Una notte di Ognissanti all’insegna dei racconti della paura che fanno parte della tradizione popolare olevanese. Venerdì primo novembre, il borgo vecchio della frazione Monticelli di Olevano sul Tusciano è stato infatti teatro de “I cunti di Marialonga”. Tra le vie del borgo, accompagnate da luci soffuse, le centinaia di persone presenti hanno ascoltato nove celebri leggende che si sono tramandate nel tempo grazie ai racconti degli anziani.
L’evento “I cunti di Marialonga”, organizzato dall’unità pastorale di Olevano e in collaborazione con l’associazione Monaco Bernardo, l’associazione “Eboli cultura e territorio” e i bambini dell’istituto comprensivo di Olevano sul Tusciano, che hanno abbellito il borgo con i loro bellissimi disegni, è stato dunque un momento importante di riscoperta di alcune tradizioni popolari olevanesi.

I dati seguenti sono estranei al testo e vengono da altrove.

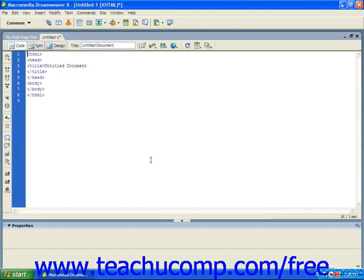The first tags we'll talk about are the HTML tags. The HTML tags identify your page as an HTML document. When a web browser reads your page, it knows that everything between these two tags is an HTML document. Each HTML page you create should start with the start HTML tag and end with the end HTML tag.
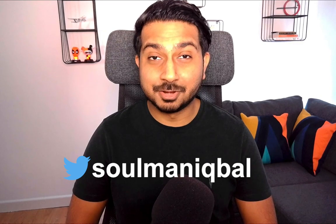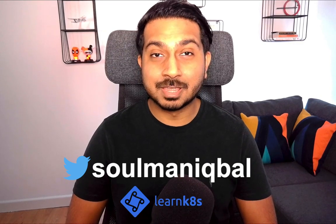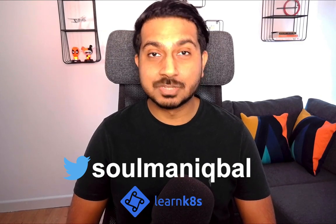Hey, what's up everybody, Saul Manikbal here. Welcome back to my channel. You can find me on Twitter at Saul Manikbal, trainer at LearnK8s.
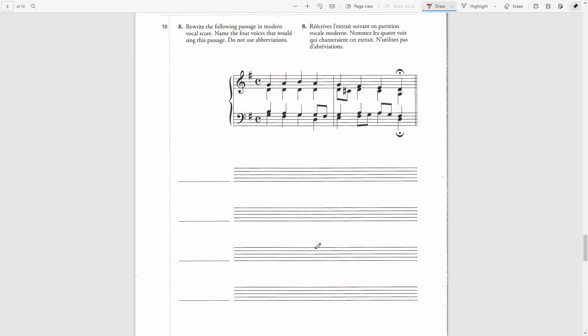Rewrite the following passage in modern vocal score and name the four voices that would sing this passage. Do not use abbreviations.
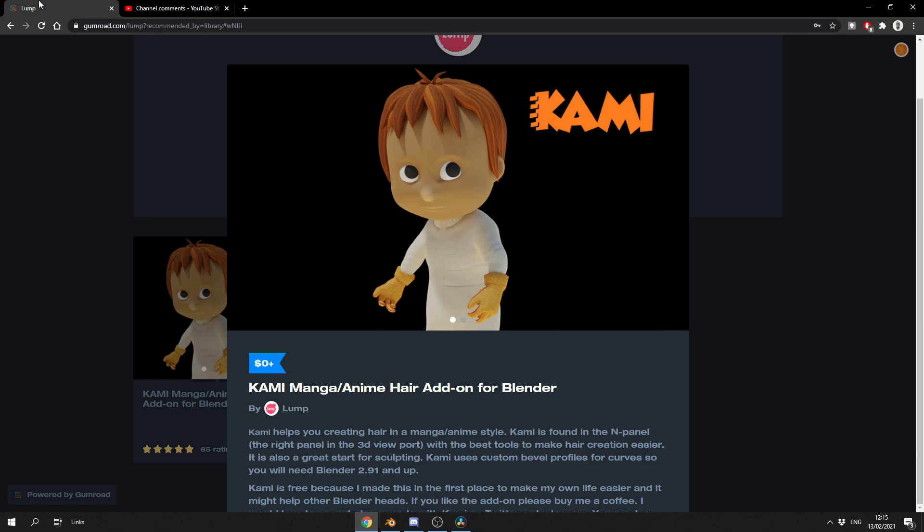This is the Kami Manga slash anime hair add-on for Blender. I recommended it a couple of weeks ago, so I thought today we would take it for a little spin. It's available for free. I'll put the download link in the description down below. As always, please support third-party developers. So let's quickly jump into Blender.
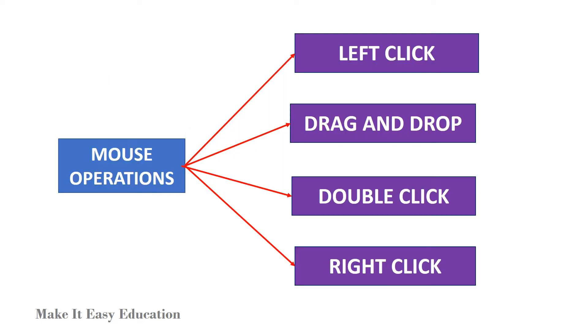The mouse performs four operations such as left click, drag and drop, double click, and right click.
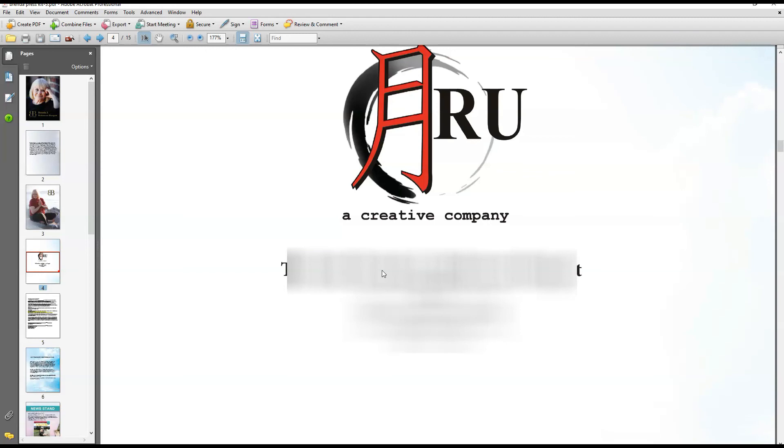Now there's free versions out there I know of. If you guys know of a free version, please say below in the comments what free versions will do the same thing that I'm doing here with this Adobe Acrobat Pro.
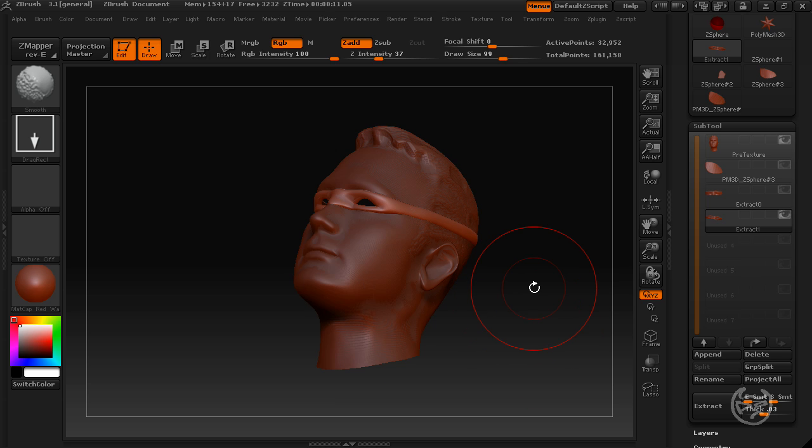Well, that's pretty much it for Topology and Mesh Extraction. I hope I didn't make things too complicated. And if I did, just leave a comment or shoot me a question.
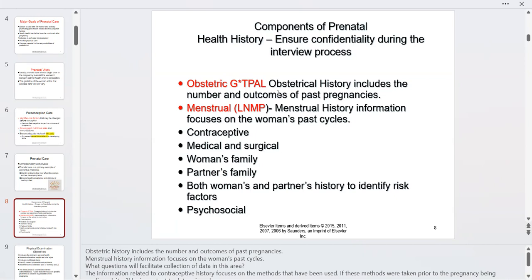I ask about contraception — obviously whatever she was using didn't work, so after she delivers at her six-week postpartum checkup we can address that. I also need her medical and surgical history. During pregnancy things can escalate, so I need to know if she has chronic hypertension or diabetes — these conditions can worsen without appropriate interventions.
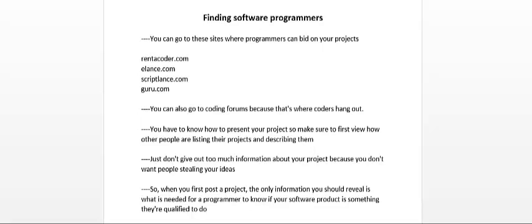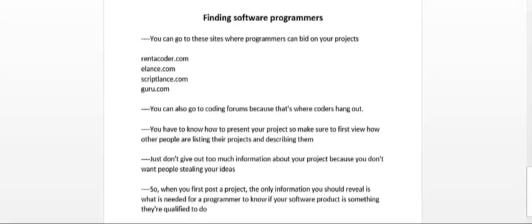I've listed a few of the most popular sites where you can find programmers. There's rentacoder.com, elance.com, scriptlance.com, and guru.com. You can also go to coding forums or other types of forums where programmers hang out to find people that are passionate about creating software products.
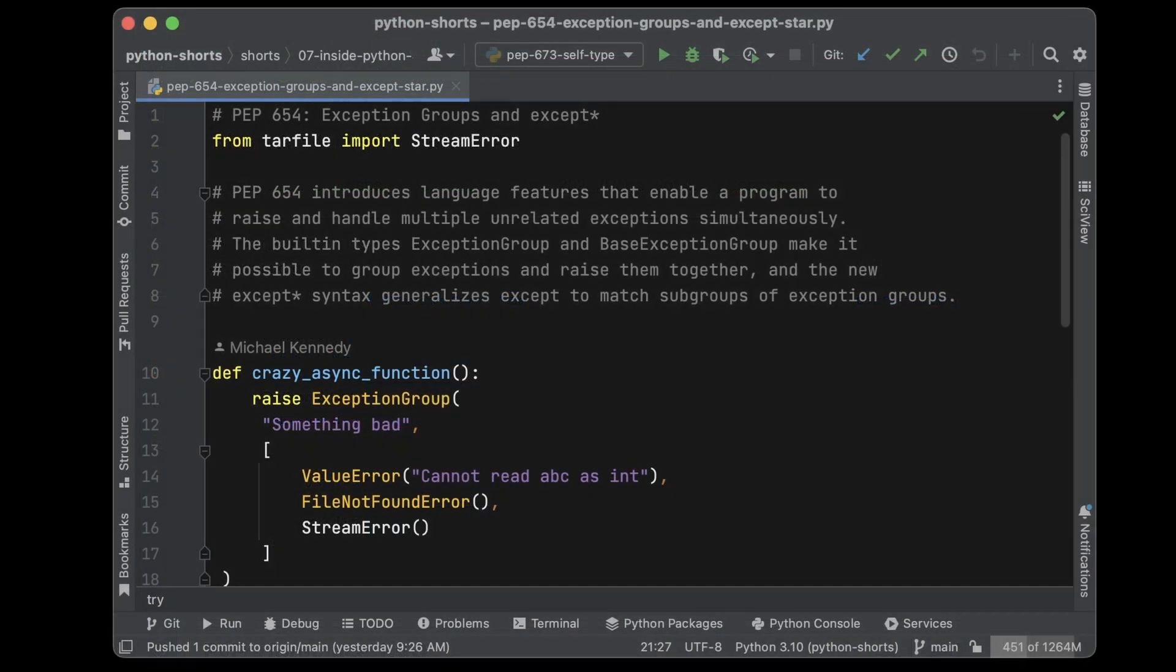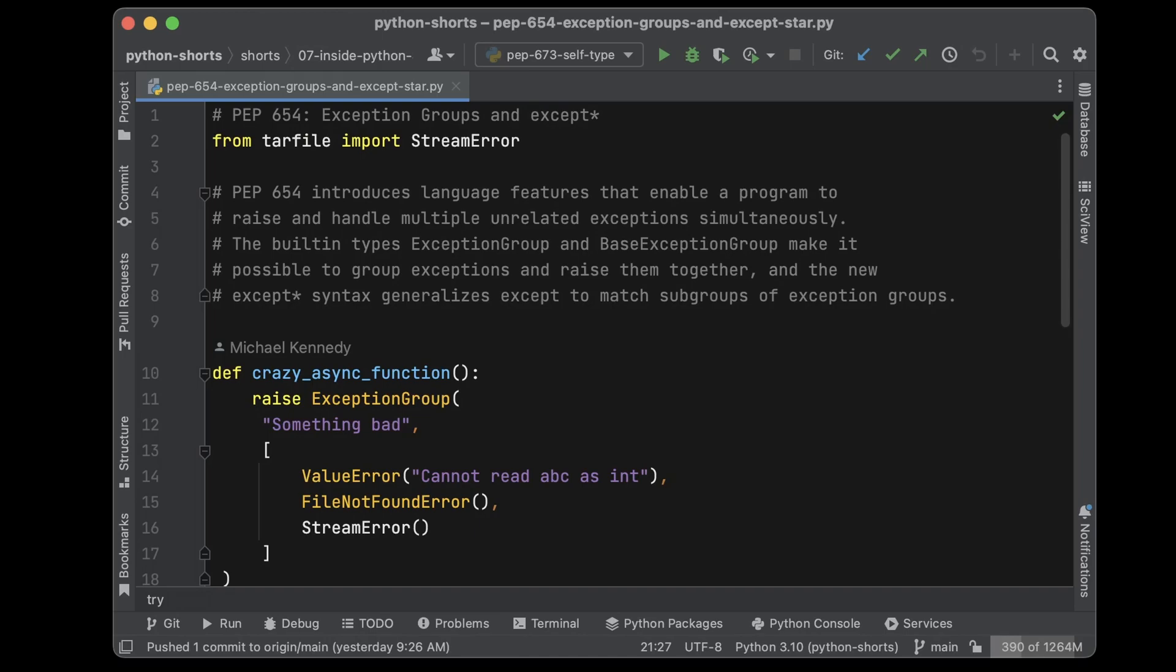PEP 654 introduces exception groups and except star. We all know about try-except for error handling, but when you're doing concurrent operations in multiple operations, things could go wrong in multiple ways. So now the language has a way to catch those and handle them.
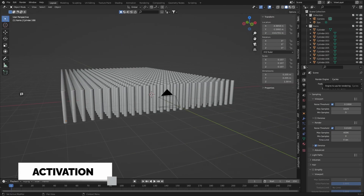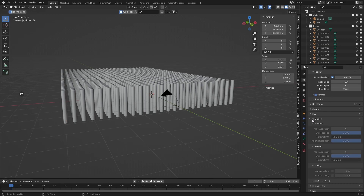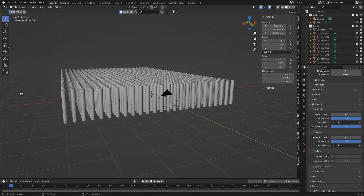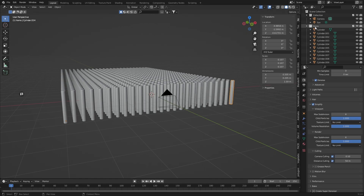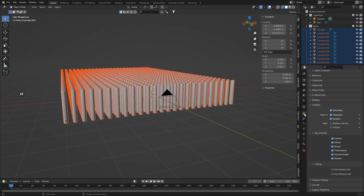Make sure you have selected Cycles as the render engine, then check Simplify, and check camera culling and distance culling, or only camera culling, or only distance culling. Now you have to activate camera culling on every single object in the scene. Go to the Object Properties and under Visibility, check Use Camera Cull and Use Distance Cull.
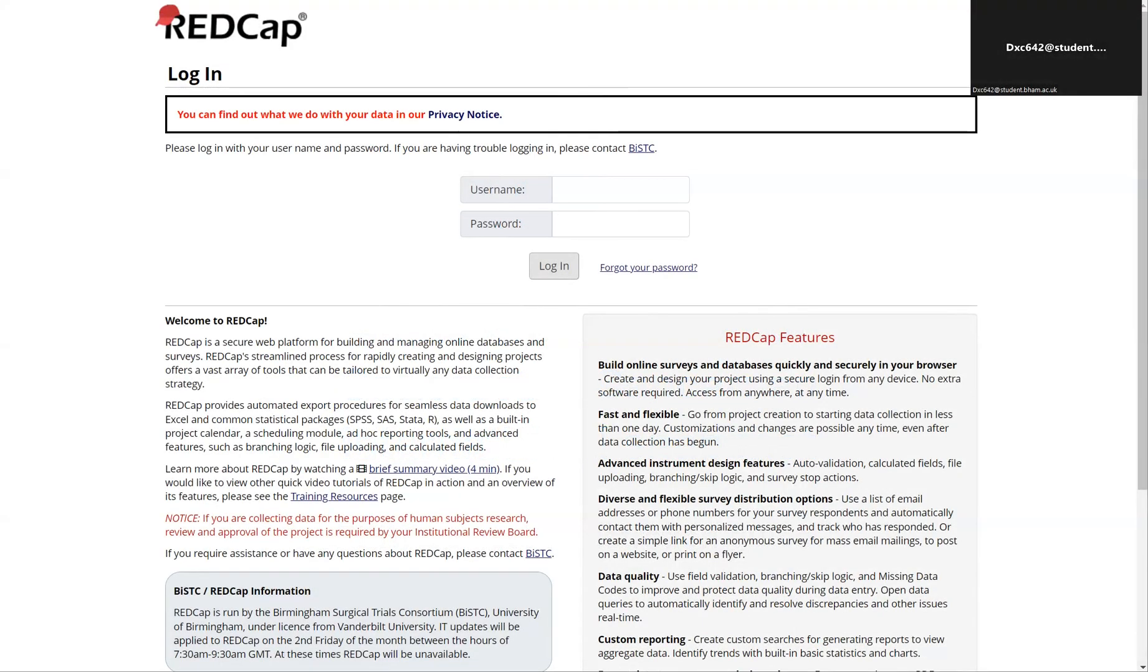Hi, my name is William Xu. I'm one of the co-leads of Eurosurge along with Chris Varghese, and this is a brief guide for registering your team for the Apollo study.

Tradizioni millenarie che sono state recuperate proprio durante la rievocazione itinerante messa in scena nella notte di Ognissanti dall’associazione “Eboli cultura e territorio”. Tra le isteriche risate di Marialonga o i lamenti del lupo Mannaro e senza dimenticare gli altri celebri episodi tra cui quello della donna capace di ingannare il Diavolo, la serata al borgo vecchio è stata dunque un’occasione unica per tutti, grandi e piccini, di conoscere o ricordare quelle storie raccontate dagli anziani, davanti al camino, nelle notti d’inverno.